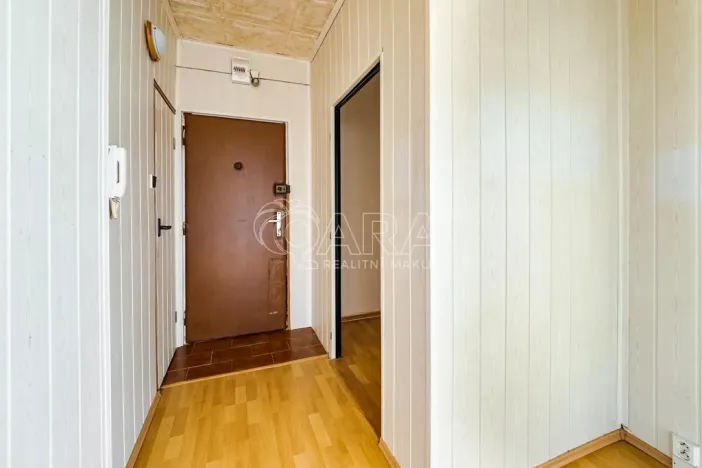 Prodej bytu 3+1, Tábor, 83 m2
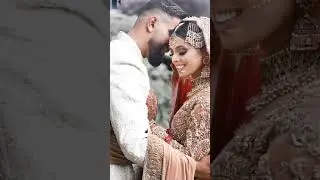 Pakistani Wedding Photography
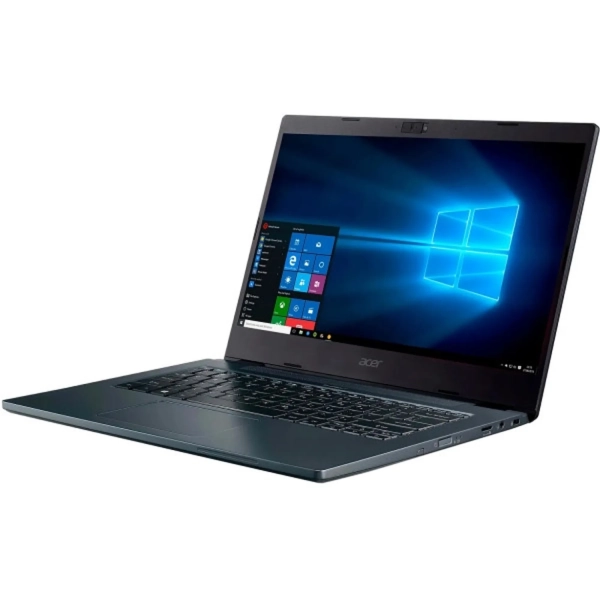 Купити Ноутбук Acer TravelMate P4 TMP414-51 (NX.VPAEU.00B) - фото 2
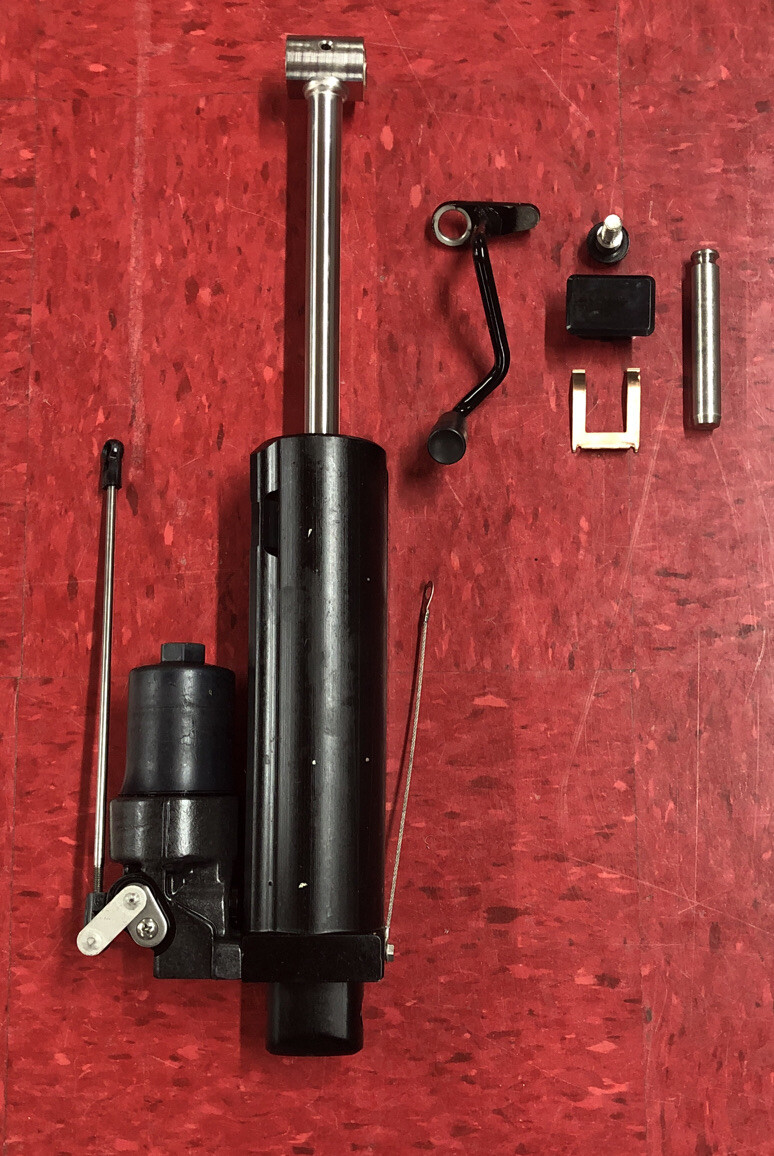 828533A2 Tilt Assist For Mercury/Mariner Outboard Engine eBay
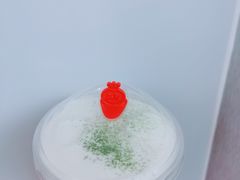 -蜜雪冰城(浙江大学店)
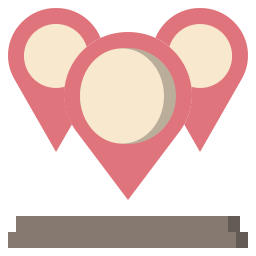 Map icon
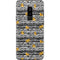 Disney The Lion King Simba Tribal Print Galaxy S9 Plus Skin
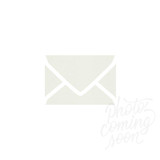 A8 Euro Flap Cream Envelope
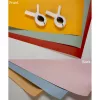 Orangemonkie Background Set 6 Colors for Foldio 3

### Exercise objective
Return the material above exactly; the images stay out.

### Solution for this exercise
 Prodej bytu 3+1, Tábor, 83 m2
 Pakistani Wedding Photography
 Купити Ноутбук Acer TravelMate P4 TMP414-51 (NX.VPAEU.00B) - фото 2
 828533A2 Tilt Assist For Mercury/Mariner Outboard Engine eBay
 -蜜雪冰城(浙江大学店)
 Map icon
 Disney The Lion King Simba Tribal Print Galaxy S9 Plus Skin
 A8 Euro Flap Cream Envelope
 Orangemonkie Background Set 6 Colors for Foldio 3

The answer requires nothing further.